Your task
How many lines in the listing contain the word "wallpaper"? Reply with the number alone.

Records provided
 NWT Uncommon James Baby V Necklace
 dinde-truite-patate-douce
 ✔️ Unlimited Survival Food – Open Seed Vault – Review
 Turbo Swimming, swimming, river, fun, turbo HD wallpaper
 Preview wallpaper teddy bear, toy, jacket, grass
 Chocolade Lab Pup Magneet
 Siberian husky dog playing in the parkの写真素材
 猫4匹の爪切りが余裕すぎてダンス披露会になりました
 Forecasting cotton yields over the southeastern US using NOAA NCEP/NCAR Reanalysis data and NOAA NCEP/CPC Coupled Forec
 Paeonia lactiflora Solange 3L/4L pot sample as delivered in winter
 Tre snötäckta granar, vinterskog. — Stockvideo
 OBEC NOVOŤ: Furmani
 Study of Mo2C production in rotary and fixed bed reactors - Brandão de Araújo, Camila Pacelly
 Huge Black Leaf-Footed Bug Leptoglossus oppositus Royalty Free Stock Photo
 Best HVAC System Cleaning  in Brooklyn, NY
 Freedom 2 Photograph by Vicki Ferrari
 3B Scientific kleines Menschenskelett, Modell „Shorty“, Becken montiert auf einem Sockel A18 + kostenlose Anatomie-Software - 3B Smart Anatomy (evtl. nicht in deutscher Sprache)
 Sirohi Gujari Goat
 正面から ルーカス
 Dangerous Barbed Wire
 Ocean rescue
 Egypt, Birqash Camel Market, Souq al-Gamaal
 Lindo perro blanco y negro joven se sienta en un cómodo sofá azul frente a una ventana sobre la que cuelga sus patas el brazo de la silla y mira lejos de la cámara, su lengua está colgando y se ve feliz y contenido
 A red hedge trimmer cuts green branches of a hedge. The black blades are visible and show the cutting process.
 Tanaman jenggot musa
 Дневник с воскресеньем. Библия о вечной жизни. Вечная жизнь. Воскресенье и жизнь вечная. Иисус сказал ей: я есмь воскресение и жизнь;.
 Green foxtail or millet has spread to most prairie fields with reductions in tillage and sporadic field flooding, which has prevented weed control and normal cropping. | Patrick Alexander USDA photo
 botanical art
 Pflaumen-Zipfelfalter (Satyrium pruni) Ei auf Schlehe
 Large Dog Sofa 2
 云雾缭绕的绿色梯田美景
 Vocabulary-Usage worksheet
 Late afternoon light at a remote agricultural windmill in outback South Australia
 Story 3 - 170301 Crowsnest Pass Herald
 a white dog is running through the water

Solved problem
2